Ik zou met de minister en de staatssecretaris het volgende willen bespreken. Kort geleden was er een studie van het IMF over datzelfde onderwerp als in de studie van het WRR. Maar goed, die kwam dus alleen met: niet meer doen, al dat schulden maken fiscaal faciliteren. Het IMF had een wat interessantere analyse. Het onderstreept in belangrijke mate wat de WRR zei, namelijk dat de oplopende schulden — dan ging het over de hele wereld — een ernstige bedreiging vormen voor de economie. Ook het IMF wijst op het feit dat een oorzaak daarvan de verschillende fiscale behandeling van vreemd en eigen vermogen is. Maar daarna wijkt de analyse van het IMF af van die van de WRR, namelijk in die zin dat het erop wijst dat je het probleem ook kunt tackelen door voor met eigen vermogen gefinancierde investeringen vergelijkbare fiscale faciliteiten te ontwikkelen als voor investeringen gefinancierd met vreemd vermogen. In plaats van straffen ga je dus stimuleren. Deze methode zorgt, aldus het IMF, voor een grotere schuldenreductie dan de methode van het fiscaal beperken van de aftrekprijs van investeringen. België, aldus het IMF, kent al een dergelijke aftrek voor met eigen vermogen gefinancierde investeringen sinds 2006. In België is de gemiddelde schuldenpositie 40%. In vergelijkbare landen is dat 60%, waarmee de afhankelijkheid van de financiële sector in België een stuk kleiner is. Italië kent het systeem ook. Zwitserland — als we naar de categorie "degelijke landen" moeten gaan; ik zag de minister zuinig kijken bij België en Italië — voert het per 1 januari in. In Denemarken ligt een voorstel voor in het parlement.
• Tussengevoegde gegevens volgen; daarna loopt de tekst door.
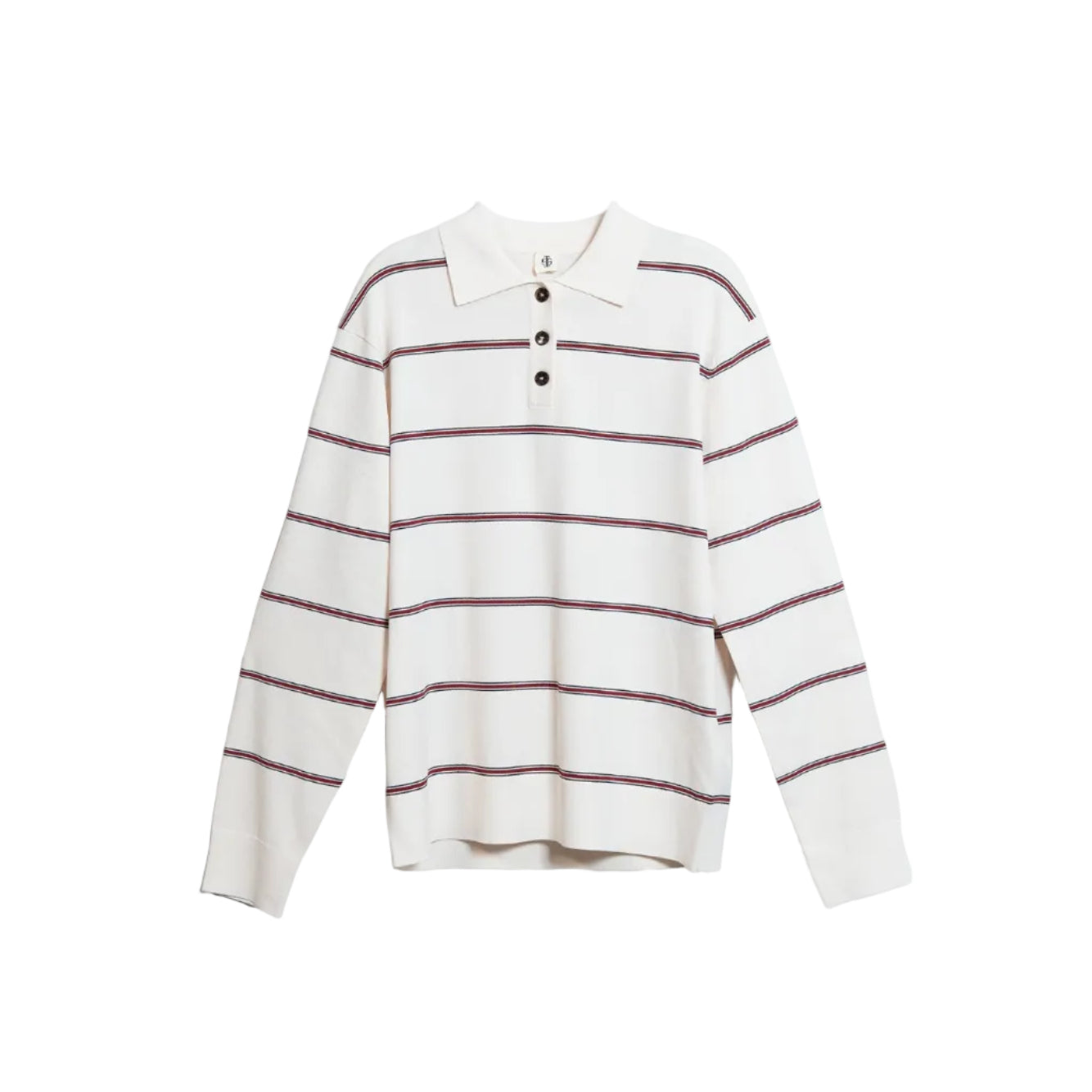 Madison Polo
Het IMF wijst erop dat de huidige lage rentestand een goede gelegenheid biedt om de geschetste problematiek aan te pakken. De VVD-fractie is zeker geïnteresseerd in de gedachtelijn van het IMF. Zouden de bewindslieden de voor- en nadelen van de door het IMF aangegeven aanpak voor Nederland in kaart willen brengen en dit onderdeel laten zijn van de reactie van de regering op het rapport van de WRR, en dit op een zodanig tijdstip te doen dat het betrokken kan worden bij de kabinetsformatie? Waarbij dit nog een beetje meer urgentie heeft.
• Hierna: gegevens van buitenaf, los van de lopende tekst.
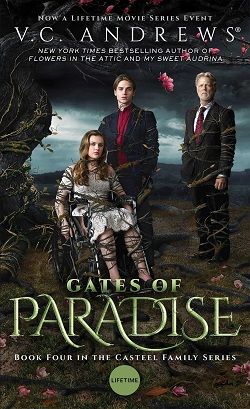 Gates of Paradise (Casteel 4)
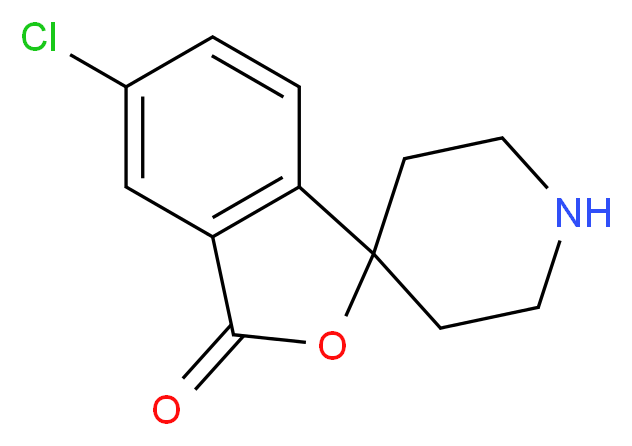 180160-47-8 molecular structure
Nogmaals, voor het gevoerde financiële beleid verdienen de bewindslieden overheersend complimenten. Onze vragen betreffen vooral onderwerpen welke van grote betekenis zullen zijn voor het te voeren beleid door een volgende regering. We hopen en verwachten dat de bewindslieden met al hun energie deze voorbereidende werkzaamheden ter hand zullen nemen en kijken uit naar hun antwoord.